1. Understand the types of steam generators, boiler mountings and accessories.

2. Compute boiler performance.

3. Understand the theory of Rankine cycle.

4. Apply the theory of Rankine cycle to solve numerical problems.

5. Understand various types of nozzles and their utility.

6. Derive the formulae for critical pressure and discharge and nozzle efficiency.

7. Apply the above formulae to solve simple numerical problems.

8. Understand the constructional details of impulse steam turbine.

9. Understand the theory of impulses turbine.

10. Compute impulse turbine performance using above theory.

11. Understand the working of rejection turbine.

12. Derive blade efficiency and calculate blade height.

13. Understand methods of attachment of blades to turbine rotor.

14. Understand the losses, labyrinth packing and governing of steam turbines.

15. Understand the functions, constructional details of various types of condensers.

16. Apply Dalton’s law to solve numerical problems.

17. Compute condenser performance parameters.

18. Understand effect of air leakage and its prevention in condensers.

19. Understand the use of compressed air and types of air compressors.

20. Study the operation of single and multi stage reciprocating compressors and compute their performance parameters.

Detailed Contents

1. Combustion: Combustion problems in boiler and IC Engines, Stoichimetric (or Chemically) air fuel ratio, analysis of products of combustion, conversion of volumetric analysis into gravimetric analysis and vise-versa, actual weight of air supplied, use of mols. For solution of combustion problems.

2. Properties of Steam and Steam Generators: Pure substance constant pressure formation of steam, steam tables , constant volume, constant pressure and isentropic processes, simple Rankine cycle. Steam Generators Classification, Fire and water tube boilers; Description of Cochran, Locomotive, Lancashire, Babcock and Wilcox boilers, Stirling Boiler, mountings and accessories; Economiser, super heater etc. Modern high pressure boilers. Characteristics of high pressure boilers, Advantages of forced circulation, steam accumulators, boiler performance-equivalent evaporation, boiler efficiency.

3. Rankine Cycle: Simple, methods of improving efficiency, Feed water heating (Bleeding), reheat cycle, combined reheat regenerative cycle, Ideal working fluid – Binary vapour cycle , combined power and heating cycles.
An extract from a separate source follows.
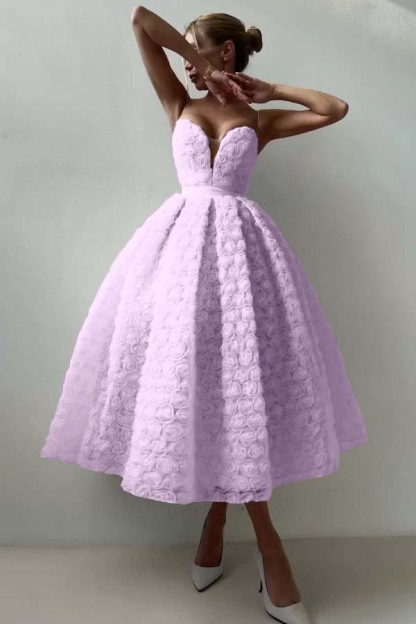 Strapless Sleeveless Long A Line Formal Dress With Appliques Belt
4. Nozzle: Types and utility of nozzles, Flow of steam through nozzles, Critical pressure and discharge, Area of throat and exit for maximum discharge, Effect of friction, Nozzle efficiency, Supersaturated flow.

5. Impulse Steam Turbines: General description, Pressure and velocity compounding, Velocity diagram and work done, Effect of blade friction on velocity diagram, Stage efficiency and overall efficiency, Reheat factor and condition curve.

6. Reaction Turbines: Degree of reaction, velocity diagrams; Blade efficiency and its derivation; calculation of blade height; back pressure and extraction turbines and congeneration; Economic assesment. Methods of attachment of blades to turbine rotor; losses in steam turbines; Governing of steam turbines; Labyrinth packing.

7. Condensers: Function Elements of condensing plant. Different types, Dalton’s law of partial pressures applied to condenser problems; condenser and vacuum efficiencies. Cooling water calculations. Effect of air leakage, Methods to check and prevent air infiltration. Description of air pump and calculation of its capacity.

8. Reciprocating Air Compressors Use of compressed air in industry. Classification of air compressors, Operation of single stage reciprocating compressors, Work input and the best value of index of compression, Isothermal and polytropic efficiency.